An ABI, or Application Binary Interface, defines a way for binaries to talk to each other on a given platform, and it includes (among other things) a calling convention. Most (all?) ABIs have a design flaw that harms performance.
Let’s start by looking at the System V ABI, for x86-style CPUs. The ABI classifies function arguments into a number of different categories; we’re just going to consider two:
INTEGER: This class consists of integral types that ﬁt into one of the general purpose registers
MEMORY: This class consists of types that will be passed and returned in memory via the stack
I won’t go finely over the rules that classify arguments; suffice to say that, in a general sense:
In other words, passing large structures by value entails large copies and This Makes Me Sad.

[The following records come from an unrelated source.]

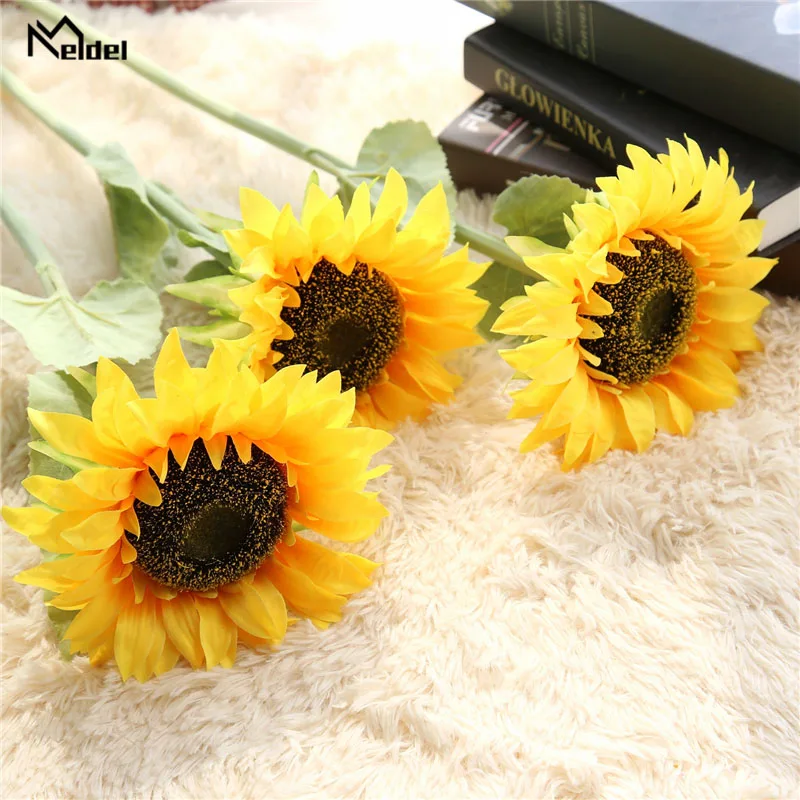 Meldel Wedding Bouquet Bridesmaids Flower Nosegay Artificial Silk Sunflower Baby's Breath Bouquet DIY Home Party Prom Decoration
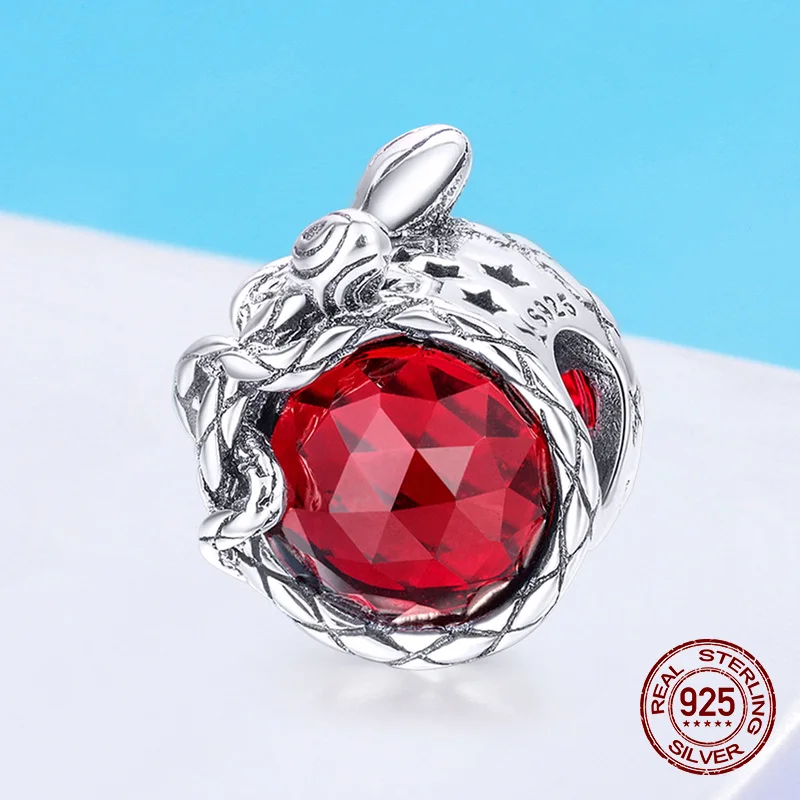 SC910 Китайский год красный серебряные бусины 925 пробы подвеска талисманы fit Pandora браслет ожерелье ювелирные изделия - Цвет: SC910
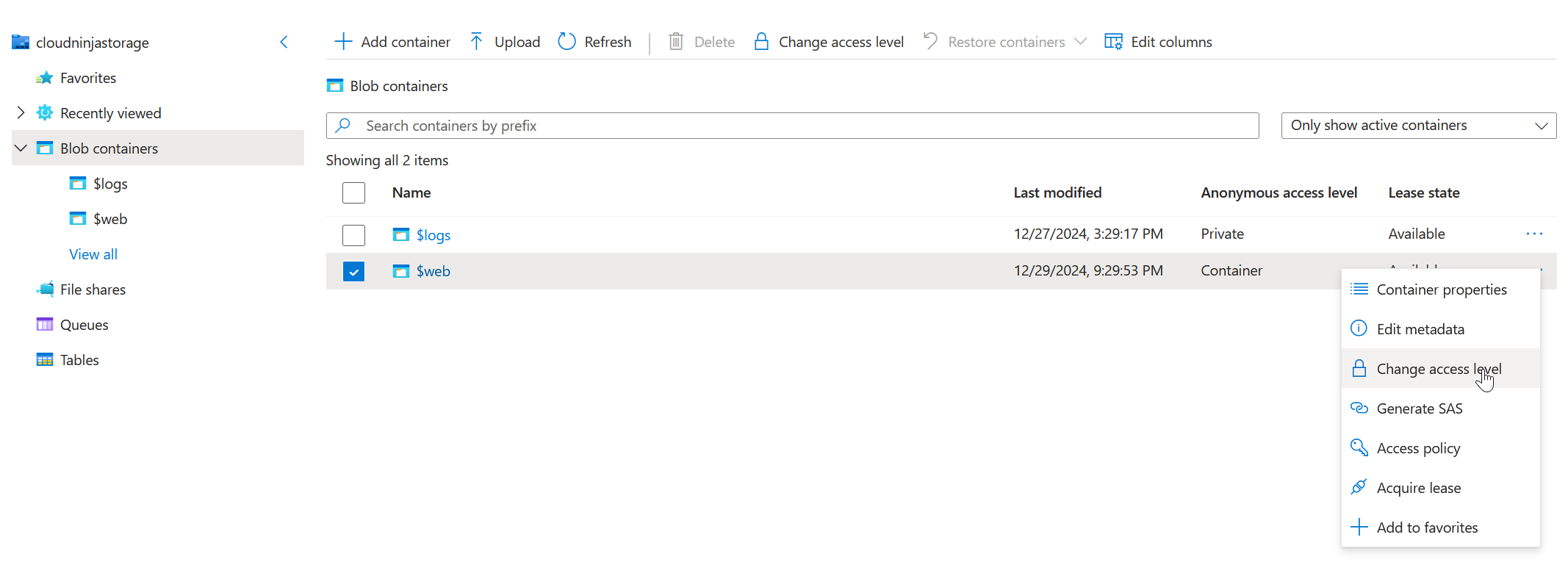 Configure Azure Storage Account static website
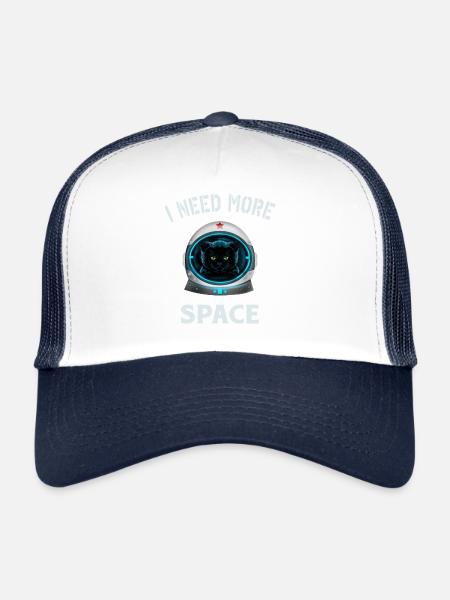 i need more space - Trucker Cap - white/navy - Front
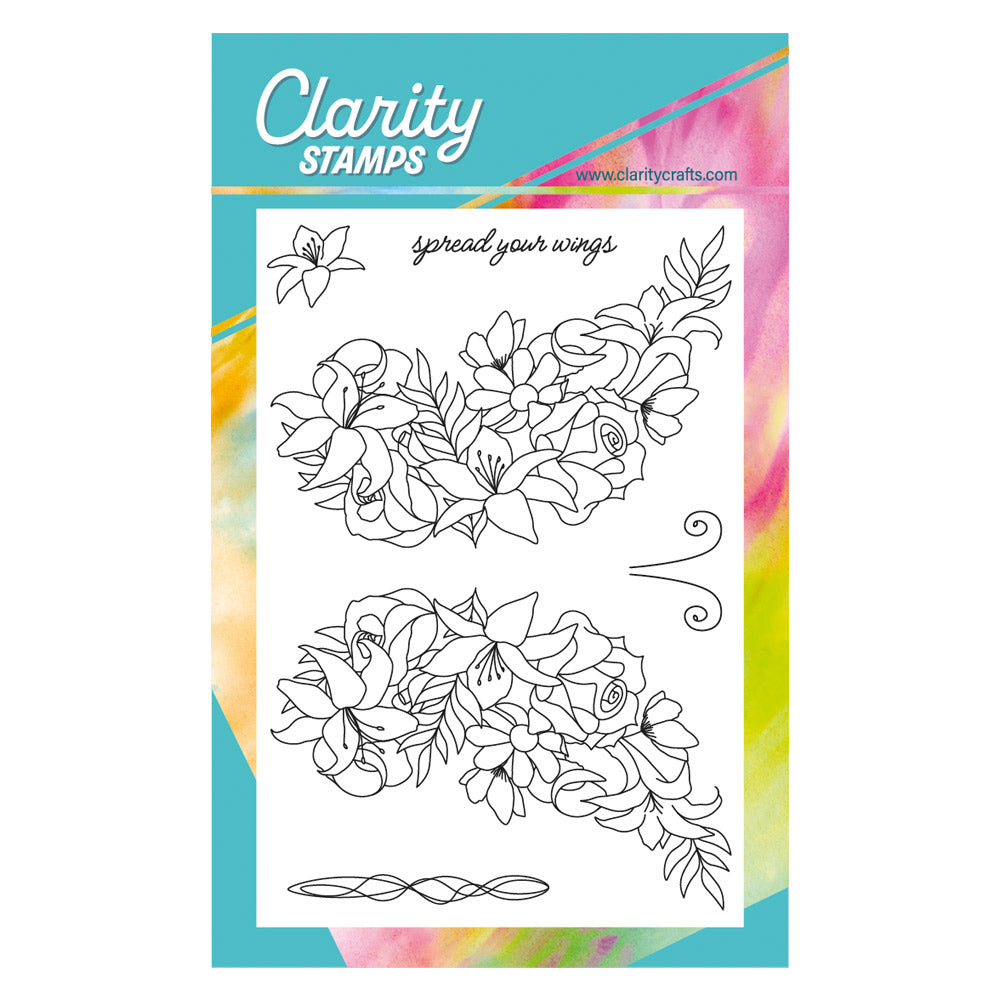 Large Bouquet Butterfly A6 Stamp & Mask Set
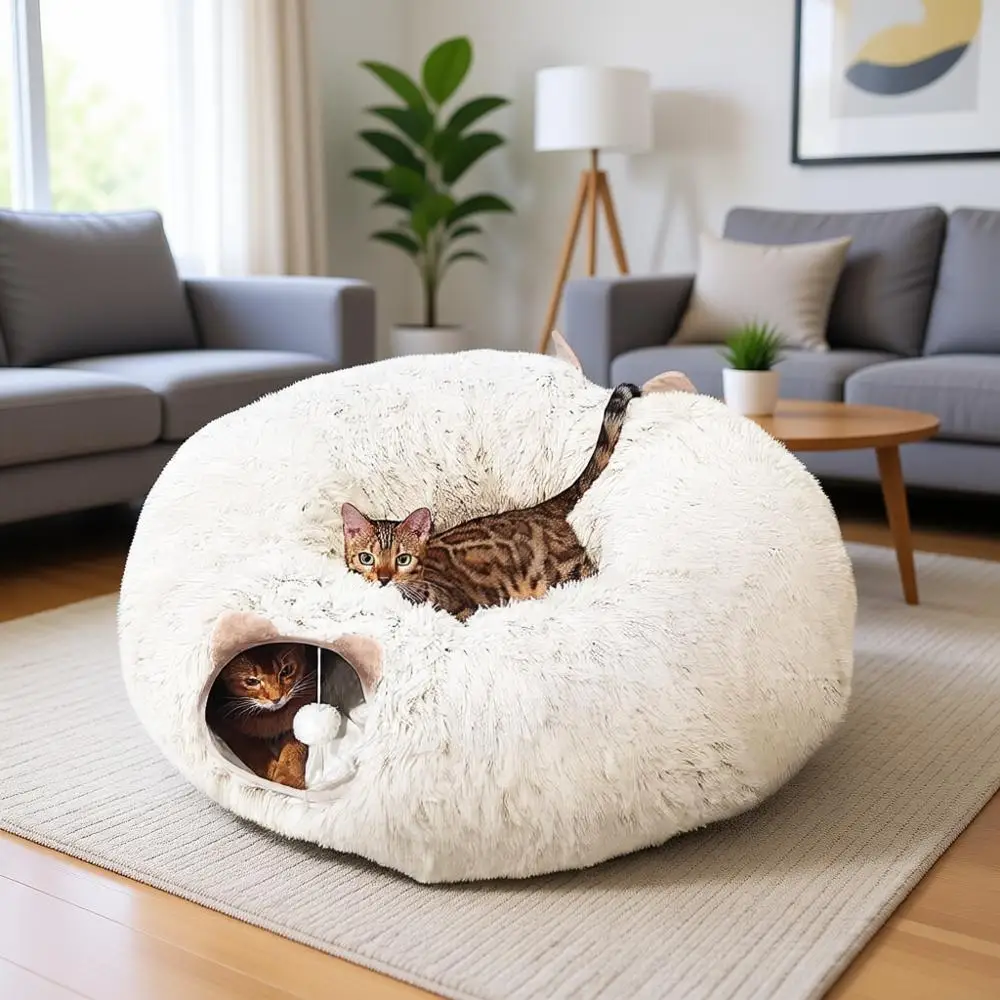 

Тоннель-лежанка или для игр в помещении, многофункциональный тоннель-пончик для котят, игрушка для игровой площадки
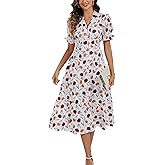 Kormei Women's Casual V Neck Boho Floral Short Sleeve Button Down Split A line Summer Beach Party Long Dress with Pockets
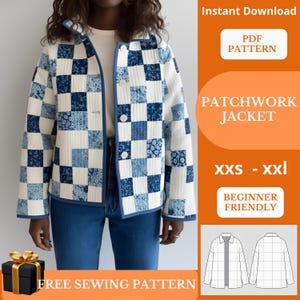 Patchwork Jacket Sewing Pattern PDF – Quilted Floral Coat Pattern – Cottagecore – Easy Beginner Friendly Tutorial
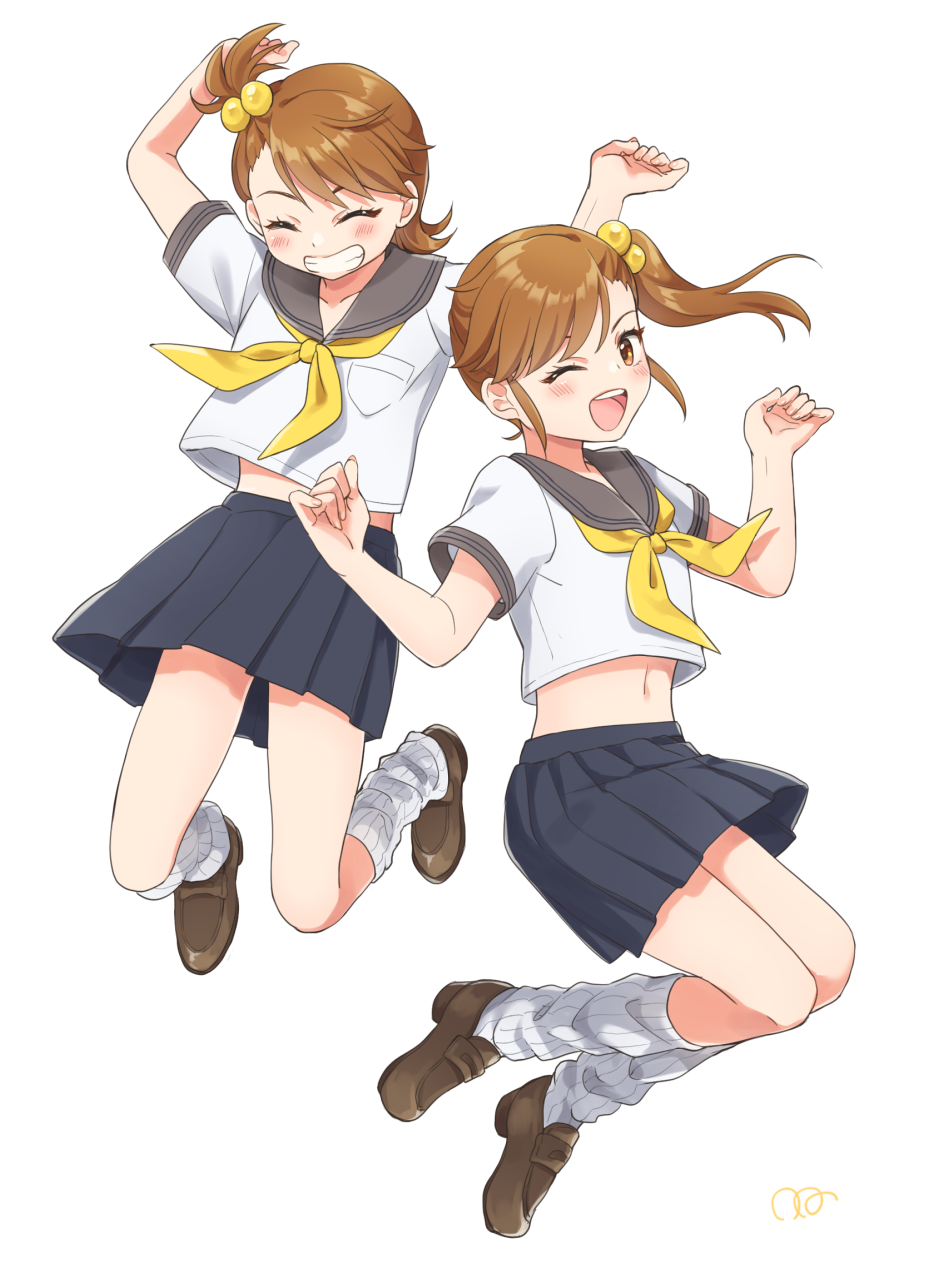 2girls arms_up black_skirt blush bow breasts brown_eyes brown_footwear brown_hair clenched_hands closed_eyes dot_nose full_body futami_ami futami_mami grey_sailor_collar grin hair_bobbles hair_bow hair_ornament hands_up highres idolmaster idolmaster_(classic) idolmaster_million_live! idolmaster_million_live!_theater_days jumping loafers long_hair looking_at_viewer loose_socks midriff_peek multiple_girls navel neckerchief one_eye_closed open_mouth oq pleated_skirt pocket sailor_collar school_uniform serafuku shirt shoes short_hair short_sleeves siblings side_ponytail signature simple_background sisters skirt small_breasts smile socks teeth twins white_background white_shirt white_socks yellow_bow yellow_neckerchief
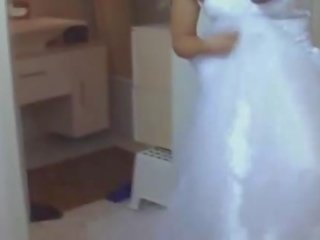 Mademoiselle 在 她的 婚禮 連衣裙 性交 硬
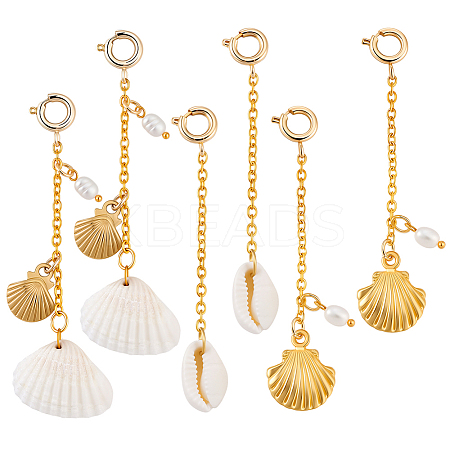 6Pcs 3 Styles Natural Pearl & Shell and Alloy Bikini Pendant Decoration HJEW-GA00063-1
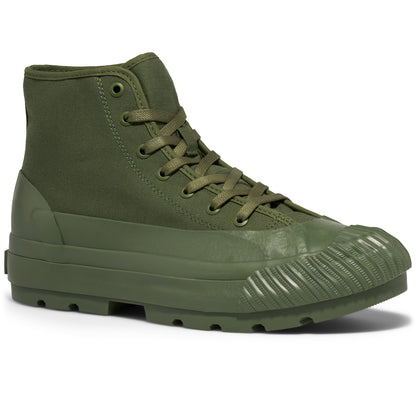 An olive green high-top sneaker with a lugged rubber outsole shown on a white background.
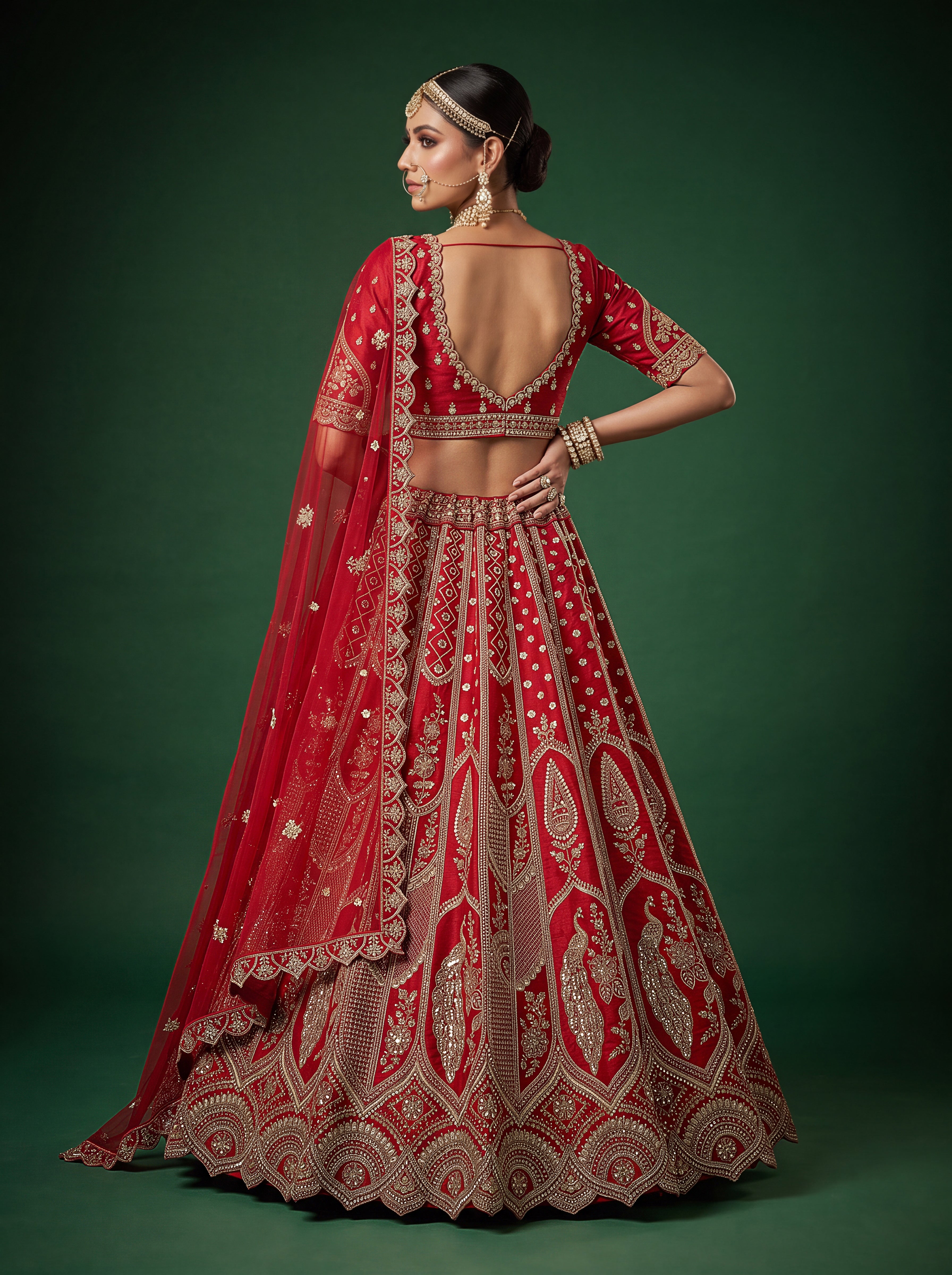 Women's Red Premium Slub Silk Bridal Lehenga Choli with Tatami Zari Embroidery & Soft Net Dupatta | Wedding Wear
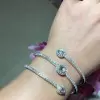 Pear & Round Cut White Sapphire Open Cuff Bracelet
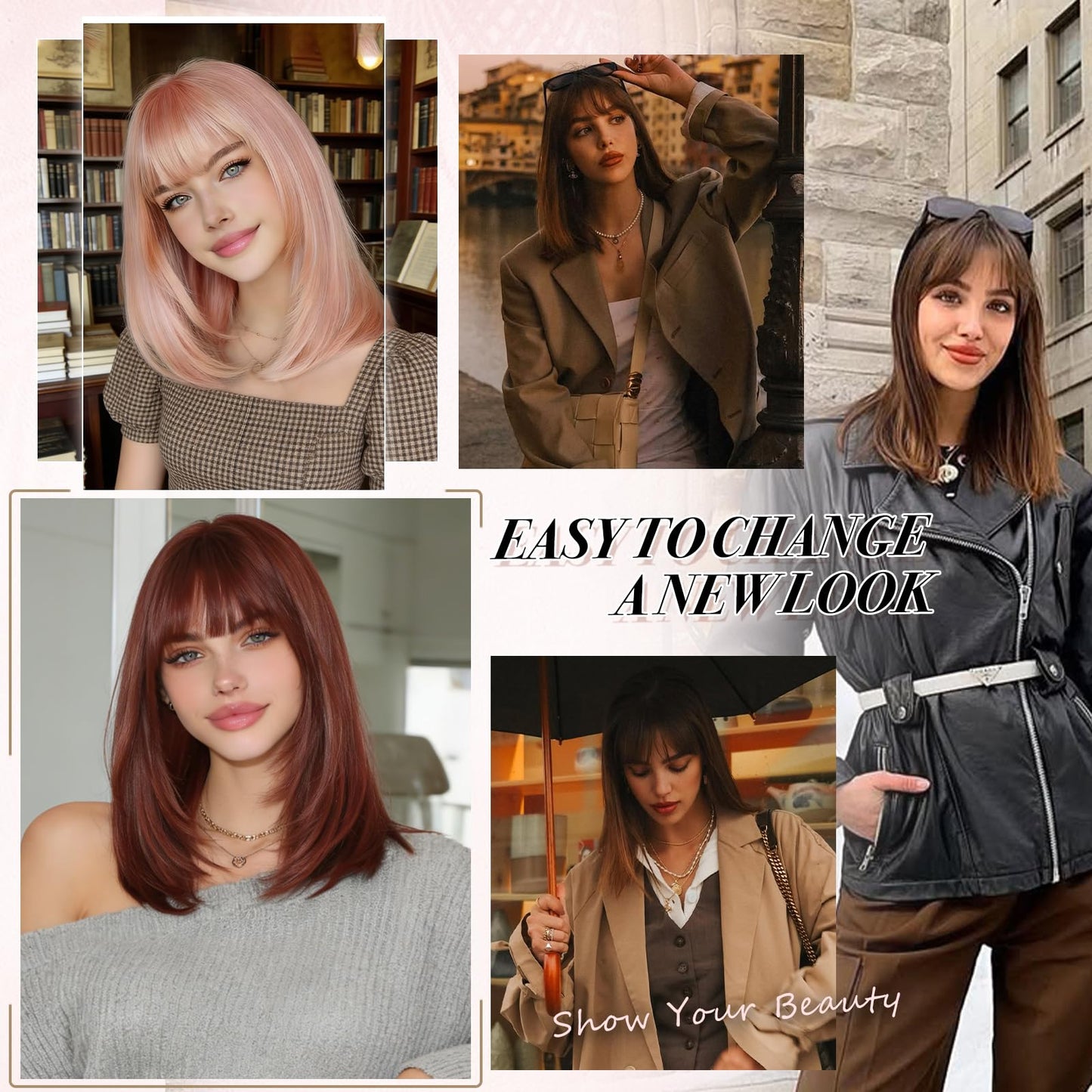 Bob Wigs with Bangs Shoulder Length Straight Natural Looking Synthetic Heat Resistant Medium Hair Wigs for Women Daily Party, 16 Inch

Well, what’s wrong with that? Surely we can just do what we did in the days of dumb compilers and pass structures by pointer. Unfortunately, that doesn’t work anymore; compilers are smart now, and they don’t like it when objects alias.
void foo(int*); void bar(void); int x = 5; foo(&x); // for all we know, foo could have stored &x in a shared location x = 7; bar(); // through which bar could modify x return x; // meaning that this needs to turn into an actual load; it cannot be constant-folded // (This would not have happened if x had been passed by value, but this is not viable for large structs, as we have seen.)
Restrict to the rescue! If foo’s parameter had been annotated with restrict, foo would not be allowed to alias it (C11§188.8.131.52p4,11). Unfortunately, compilers do not seem to generally be aware of this fact. More to the point, because there is no type-level enforcement of restrict in C, the veracity of the attribute cannot be counted upon in a general sense, even though it can be correct in cases when C’s ABI is used to communicate between languages with stronger type systems.
And really, the ABI should do the right thing by default. void foo(struct bla) is much easier to read than void foo(const struct bla *restrict), not to mention it does a better job of conveying intent and actually provides a stronger semantic guarantee.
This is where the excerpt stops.